Do you live and breathe Twitter? Do you like to tweet every turn letting the world know in 140 characters what your dinner was? Do you use the mobile app and wish there was one for your Linux desktop? Then Corebird is just for you. It’s a desktop client for Twitter that will integrate seamlessly into your Gnome or Unity desktop. Obviously, the app holds most value for the hardcore user, but for us mere mortals (the less die-hard Twitter fans), Corebird can still be appealing.
The Corebird website is unfortunately not very verbose when it comes to installation. They would simply ask the user to check with their distribution’s repositories, and if it’s not there, install it from source. Ubuntu 15.10 has no package named “corebird” in its repos, and if it does not have it, one cannot help, but wonder, what would.
Fortunately, there are various PPAs available, one of which allows for Corebird to be installed in the previous version, 15.04 as well. So to start tweeting from a newer Ubuntu desktop, you can do the following:
For everyone else there is always github and the sources. There are some quite useful instructions, too, that detail the required dependencies and how to compile from source. It is definitely worth checking out for it also acts as a sort of documentation for the software itself, at least as far as keyboard shortcuts go.

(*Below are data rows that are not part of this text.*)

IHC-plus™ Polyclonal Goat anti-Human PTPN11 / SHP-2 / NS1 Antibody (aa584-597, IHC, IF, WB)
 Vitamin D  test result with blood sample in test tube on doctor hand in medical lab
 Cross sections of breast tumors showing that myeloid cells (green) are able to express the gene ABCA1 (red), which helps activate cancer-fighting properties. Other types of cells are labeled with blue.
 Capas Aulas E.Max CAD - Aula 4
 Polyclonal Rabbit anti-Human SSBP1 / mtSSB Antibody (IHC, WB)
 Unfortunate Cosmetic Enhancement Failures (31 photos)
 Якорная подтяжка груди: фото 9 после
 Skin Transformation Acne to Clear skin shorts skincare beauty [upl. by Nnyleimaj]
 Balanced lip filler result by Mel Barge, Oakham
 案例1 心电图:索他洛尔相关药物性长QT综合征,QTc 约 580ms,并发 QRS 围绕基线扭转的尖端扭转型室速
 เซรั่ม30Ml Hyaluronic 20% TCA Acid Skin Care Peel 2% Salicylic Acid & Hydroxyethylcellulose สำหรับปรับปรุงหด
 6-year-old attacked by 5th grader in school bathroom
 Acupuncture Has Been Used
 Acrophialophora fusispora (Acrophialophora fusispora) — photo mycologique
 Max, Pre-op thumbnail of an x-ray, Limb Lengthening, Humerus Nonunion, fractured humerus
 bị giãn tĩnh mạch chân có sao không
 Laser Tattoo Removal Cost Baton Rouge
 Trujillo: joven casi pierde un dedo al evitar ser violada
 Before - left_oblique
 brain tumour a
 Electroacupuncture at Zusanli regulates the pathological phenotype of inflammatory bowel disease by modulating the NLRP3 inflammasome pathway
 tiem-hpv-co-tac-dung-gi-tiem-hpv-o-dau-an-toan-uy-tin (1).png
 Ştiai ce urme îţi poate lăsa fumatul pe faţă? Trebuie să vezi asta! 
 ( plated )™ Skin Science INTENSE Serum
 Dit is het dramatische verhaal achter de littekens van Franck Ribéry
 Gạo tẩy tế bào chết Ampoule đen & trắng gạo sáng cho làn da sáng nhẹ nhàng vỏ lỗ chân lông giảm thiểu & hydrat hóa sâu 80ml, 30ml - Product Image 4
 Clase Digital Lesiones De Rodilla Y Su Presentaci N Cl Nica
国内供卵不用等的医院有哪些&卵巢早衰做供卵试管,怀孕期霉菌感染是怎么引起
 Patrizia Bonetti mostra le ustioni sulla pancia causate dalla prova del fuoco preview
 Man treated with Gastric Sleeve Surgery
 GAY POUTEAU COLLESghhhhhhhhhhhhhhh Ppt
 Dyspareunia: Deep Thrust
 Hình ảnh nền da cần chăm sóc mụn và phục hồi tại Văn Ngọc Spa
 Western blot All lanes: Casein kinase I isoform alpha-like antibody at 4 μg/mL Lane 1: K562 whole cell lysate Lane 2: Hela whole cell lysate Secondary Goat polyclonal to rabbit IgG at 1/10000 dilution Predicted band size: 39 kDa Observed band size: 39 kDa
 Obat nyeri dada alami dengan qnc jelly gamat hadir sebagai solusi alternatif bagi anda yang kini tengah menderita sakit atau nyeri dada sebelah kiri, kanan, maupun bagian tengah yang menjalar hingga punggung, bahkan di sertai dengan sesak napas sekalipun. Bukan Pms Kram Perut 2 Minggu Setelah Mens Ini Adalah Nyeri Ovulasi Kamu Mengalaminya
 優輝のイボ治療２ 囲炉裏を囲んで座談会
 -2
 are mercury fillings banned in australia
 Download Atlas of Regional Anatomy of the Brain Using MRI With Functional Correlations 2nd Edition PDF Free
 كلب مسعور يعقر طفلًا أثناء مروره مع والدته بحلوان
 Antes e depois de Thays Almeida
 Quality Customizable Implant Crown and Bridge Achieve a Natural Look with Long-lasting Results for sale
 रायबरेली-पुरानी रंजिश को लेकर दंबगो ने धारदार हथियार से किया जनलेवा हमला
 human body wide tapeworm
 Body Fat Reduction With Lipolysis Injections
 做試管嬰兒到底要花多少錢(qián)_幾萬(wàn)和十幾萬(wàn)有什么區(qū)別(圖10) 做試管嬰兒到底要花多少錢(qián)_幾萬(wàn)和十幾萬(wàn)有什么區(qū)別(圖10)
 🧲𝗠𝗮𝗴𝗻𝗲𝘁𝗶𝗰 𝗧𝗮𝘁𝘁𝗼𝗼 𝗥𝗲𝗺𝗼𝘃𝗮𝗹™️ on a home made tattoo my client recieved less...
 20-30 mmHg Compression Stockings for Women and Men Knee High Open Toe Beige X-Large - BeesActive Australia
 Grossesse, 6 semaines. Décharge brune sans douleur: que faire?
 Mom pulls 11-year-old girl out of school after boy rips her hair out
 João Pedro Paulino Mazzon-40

It is sure to be more helpful then the aforementioned website that features what seems like the shortest FAQ in the history of FAQs.
When you first start the application you will of course need to link your Twitter account. This happens through a PIN number that Twitter will supply you with. Just press the “Request PIN” button.
And Twitter (in a browser) will ask you to authenticate the app.
Once you agree, you will be presented with a PIN that you can copy and paste into the app to start using it. The user interface is simple and straightforward.
On the top bar you can access your account details (1) or compose a new tweet (2), see your timeline (3), your mentions (4), your favourites (5), messages (6), view/create lists (7) or filters (8).
This is just about everything you can do on Twitter, too. One strange thing is that the displayed images get a bit narrow.
You can enlarge them with a click which will cause them to cover the whole Corebird window. This works particularly well with album covers which can now literally cover something. (Just click on the image to get back to your tweets.)
When you compose a new tweet, your
# tags will of course be highlighted, and you can also get suggestions for your mentions. You can add images with the massive
+ key at the bottom.
There is no separate URL shortening capability because Twitter automatically shortens URLs, and the app makes good use of this, too.
You can also access some basic setup options: make some very simple changes of the application’s interface (like maximum allowed media-size), choose how the tweets show up or the notifications behave, ano the most interesting option is the ability to add pre-defined snippets. You can assign keywords to ASCII snippets. If you type these keywords in the compose window and press TAB, they will get replaced with the snippets you specify.
If you need to quickly change your account details, you can do so by clicking on your avatar (from the main window) and choosing Settings. (You also have the ability to disconnect your account or even open a new one from here.) The only thing that did not seem to work was the retrieval of the cover image, which is a shame, as the account “showcased” here has a really cool over image.
There is only so much one can do with Twitter, but its popularity is mostly due to this very same simplicity. Short messages either in private or shouted out in public seem to retain their popularity since the SMS was invented, and Corebird brings the most popular platform of meaningless sentences and oversimplified communications right onto your desktop.